The ill effects of this subsidy are pretty notorious by now. Equally notorious is the difficulty of eliminating it. The concept of exchanges + mandates was developed (and advocated by conservative Republicans for almost two decades) precisely in order to work around the subsidy. Philip may think it would be neater and cleaner to eliminate it outright? Good luck to him in finding even a corporal's guard of Republicans in House or Senate who will publicly agree.

No government regulation of health insurance? Insurance regulation in the United States dates back almost to the very beginning of the republic. States took the lead through the 19th century. In 1945, the Supreme Court declared the federal government's authority over insurance—to which Congress responded by passing a law returning regulatory power to the states. But whether it's done in Washington or the states, insurance regulation is inescapable. In the nature of things, insurers are tempted to take excess risks in pursuit of higher investment returns, for the famous reason that if the risk pays off, the insurer wins; if the risk fails, the policyholder loses.

No government mandate? Really? What about the federal mandate requiring all hospitals that receive Medicare payments to treat all patients regardless of ability to pay?

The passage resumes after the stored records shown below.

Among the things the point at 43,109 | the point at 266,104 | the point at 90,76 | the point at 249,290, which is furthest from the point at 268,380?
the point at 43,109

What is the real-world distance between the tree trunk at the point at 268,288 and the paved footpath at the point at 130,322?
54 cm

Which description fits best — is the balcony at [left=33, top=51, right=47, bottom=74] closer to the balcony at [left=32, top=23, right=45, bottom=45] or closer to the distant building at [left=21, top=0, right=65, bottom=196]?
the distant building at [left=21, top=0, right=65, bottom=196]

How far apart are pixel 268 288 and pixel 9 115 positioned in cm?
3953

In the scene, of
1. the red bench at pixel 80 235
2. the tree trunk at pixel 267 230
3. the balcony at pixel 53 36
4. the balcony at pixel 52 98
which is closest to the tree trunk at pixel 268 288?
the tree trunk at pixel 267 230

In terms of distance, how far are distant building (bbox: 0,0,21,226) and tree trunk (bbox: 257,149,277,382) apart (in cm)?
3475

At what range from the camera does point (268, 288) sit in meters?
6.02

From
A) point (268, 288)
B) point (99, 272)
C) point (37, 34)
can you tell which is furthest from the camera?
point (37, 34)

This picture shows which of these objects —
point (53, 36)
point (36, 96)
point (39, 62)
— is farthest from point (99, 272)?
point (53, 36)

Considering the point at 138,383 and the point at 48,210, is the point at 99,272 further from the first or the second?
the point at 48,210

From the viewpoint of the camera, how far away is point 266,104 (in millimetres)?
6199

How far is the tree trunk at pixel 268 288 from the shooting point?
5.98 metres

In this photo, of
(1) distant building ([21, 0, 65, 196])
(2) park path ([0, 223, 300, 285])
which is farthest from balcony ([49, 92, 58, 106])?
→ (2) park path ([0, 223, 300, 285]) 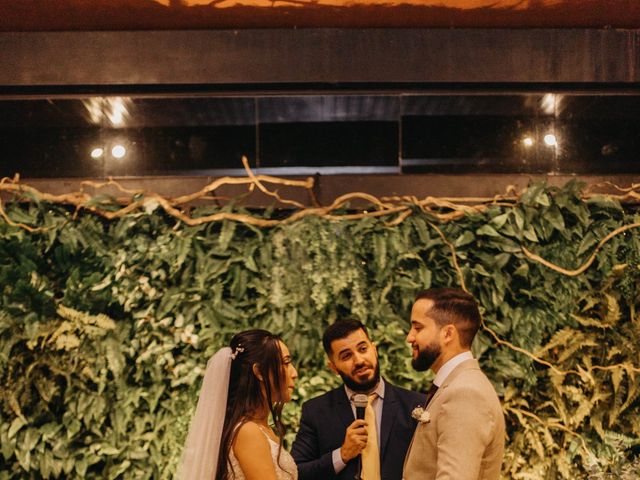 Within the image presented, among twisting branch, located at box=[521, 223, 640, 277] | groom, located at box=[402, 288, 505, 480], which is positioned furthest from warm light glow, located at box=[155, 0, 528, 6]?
groom, located at box=[402, 288, 505, 480]

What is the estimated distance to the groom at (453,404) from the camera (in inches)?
92.8

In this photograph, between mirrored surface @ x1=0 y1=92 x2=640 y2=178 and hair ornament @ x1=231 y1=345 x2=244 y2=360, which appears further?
mirrored surface @ x1=0 y1=92 x2=640 y2=178

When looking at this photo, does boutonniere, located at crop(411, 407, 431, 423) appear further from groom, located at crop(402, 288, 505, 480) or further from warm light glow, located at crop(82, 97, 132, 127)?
warm light glow, located at crop(82, 97, 132, 127)

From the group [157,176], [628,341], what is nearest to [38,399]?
[157,176]

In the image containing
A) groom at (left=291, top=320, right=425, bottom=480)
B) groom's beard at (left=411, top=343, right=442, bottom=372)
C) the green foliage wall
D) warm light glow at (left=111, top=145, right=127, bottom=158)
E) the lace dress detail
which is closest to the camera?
groom's beard at (left=411, top=343, right=442, bottom=372)

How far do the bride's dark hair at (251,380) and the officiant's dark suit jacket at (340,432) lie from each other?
51cm

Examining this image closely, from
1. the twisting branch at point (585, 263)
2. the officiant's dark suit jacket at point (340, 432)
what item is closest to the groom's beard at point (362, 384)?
the officiant's dark suit jacket at point (340, 432)

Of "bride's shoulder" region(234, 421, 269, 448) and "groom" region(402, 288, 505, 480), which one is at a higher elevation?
"groom" region(402, 288, 505, 480)

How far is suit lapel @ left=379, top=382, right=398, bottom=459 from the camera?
3.45m

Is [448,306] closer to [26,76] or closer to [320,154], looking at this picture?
[320,154]

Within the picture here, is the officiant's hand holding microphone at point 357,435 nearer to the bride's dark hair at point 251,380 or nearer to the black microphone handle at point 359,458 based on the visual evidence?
the black microphone handle at point 359,458

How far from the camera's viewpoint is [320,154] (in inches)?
214

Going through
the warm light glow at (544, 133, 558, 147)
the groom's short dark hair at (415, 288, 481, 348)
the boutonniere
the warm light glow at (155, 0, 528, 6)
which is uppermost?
the warm light glow at (155, 0, 528, 6)

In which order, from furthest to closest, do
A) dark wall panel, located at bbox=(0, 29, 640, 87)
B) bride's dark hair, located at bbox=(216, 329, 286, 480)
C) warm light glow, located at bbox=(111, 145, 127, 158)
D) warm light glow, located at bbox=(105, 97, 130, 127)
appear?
warm light glow, located at bbox=(111, 145, 127, 158), warm light glow, located at bbox=(105, 97, 130, 127), dark wall panel, located at bbox=(0, 29, 640, 87), bride's dark hair, located at bbox=(216, 329, 286, 480) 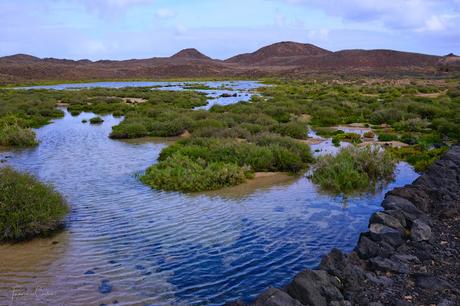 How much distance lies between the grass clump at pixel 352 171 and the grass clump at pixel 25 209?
25.4ft

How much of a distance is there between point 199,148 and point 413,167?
7.89 metres

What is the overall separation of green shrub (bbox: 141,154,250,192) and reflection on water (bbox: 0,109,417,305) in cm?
52

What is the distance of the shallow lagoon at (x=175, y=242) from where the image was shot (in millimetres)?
7266

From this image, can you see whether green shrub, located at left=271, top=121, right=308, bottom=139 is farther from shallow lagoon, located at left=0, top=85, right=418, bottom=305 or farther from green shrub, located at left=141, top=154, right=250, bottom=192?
green shrub, located at left=141, top=154, right=250, bottom=192

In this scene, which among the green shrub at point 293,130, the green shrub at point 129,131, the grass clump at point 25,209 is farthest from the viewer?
the green shrub at point 129,131

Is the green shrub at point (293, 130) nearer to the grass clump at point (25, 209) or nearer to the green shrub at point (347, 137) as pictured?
the green shrub at point (347, 137)

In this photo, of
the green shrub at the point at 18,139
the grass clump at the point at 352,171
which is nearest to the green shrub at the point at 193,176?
the grass clump at the point at 352,171

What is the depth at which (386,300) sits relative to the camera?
20.7 ft

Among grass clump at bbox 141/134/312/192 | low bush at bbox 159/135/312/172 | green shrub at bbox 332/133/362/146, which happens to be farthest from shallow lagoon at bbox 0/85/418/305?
green shrub at bbox 332/133/362/146

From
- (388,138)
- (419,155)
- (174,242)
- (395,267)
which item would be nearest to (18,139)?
(174,242)

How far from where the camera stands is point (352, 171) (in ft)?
44.9

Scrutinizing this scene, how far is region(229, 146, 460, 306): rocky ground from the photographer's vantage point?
6320 mm

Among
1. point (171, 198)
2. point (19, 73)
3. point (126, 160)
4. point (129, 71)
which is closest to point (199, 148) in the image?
point (126, 160)

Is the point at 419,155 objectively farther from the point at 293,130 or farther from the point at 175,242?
the point at 175,242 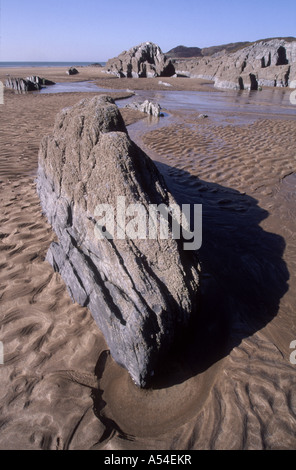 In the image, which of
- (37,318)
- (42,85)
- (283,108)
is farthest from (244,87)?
(37,318)

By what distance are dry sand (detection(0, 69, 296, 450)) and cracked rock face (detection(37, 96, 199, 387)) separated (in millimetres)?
244

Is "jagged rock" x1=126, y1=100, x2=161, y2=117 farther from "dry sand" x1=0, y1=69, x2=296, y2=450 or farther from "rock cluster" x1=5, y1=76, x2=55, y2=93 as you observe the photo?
"rock cluster" x1=5, y1=76, x2=55, y2=93

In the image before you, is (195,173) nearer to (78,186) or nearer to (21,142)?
(78,186)

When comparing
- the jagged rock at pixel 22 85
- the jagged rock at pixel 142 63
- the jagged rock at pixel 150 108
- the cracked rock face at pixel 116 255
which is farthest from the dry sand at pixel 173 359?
the jagged rock at pixel 142 63

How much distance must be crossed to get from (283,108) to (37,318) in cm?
1944

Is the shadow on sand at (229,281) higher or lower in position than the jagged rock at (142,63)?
lower

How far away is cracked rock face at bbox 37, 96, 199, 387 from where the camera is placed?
93.3 inches

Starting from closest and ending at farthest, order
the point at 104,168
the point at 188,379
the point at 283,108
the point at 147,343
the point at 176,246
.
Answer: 1. the point at 147,343
2. the point at 188,379
3. the point at 176,246
4. the point at 104,168
5. the point at 283,108

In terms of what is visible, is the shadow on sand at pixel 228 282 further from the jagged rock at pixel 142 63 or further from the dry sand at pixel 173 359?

Would Philip abolish that? What about Medicare? Functionally, isn't the Medicare payroll tax a compulsory insurance premium for a program all Americans qualify for at age 65? Must that go out the window too?

The debate over Obamacare has driven many conservative writers to espouse positions much more radical than they held four years ago—very likely, much more radical than they will hold four years from now—and certainly more radical than anything a Republican majority in Congress would ever actually do. I think Philip's words provide an almost laboratory-pure example of just such a polemical tendency.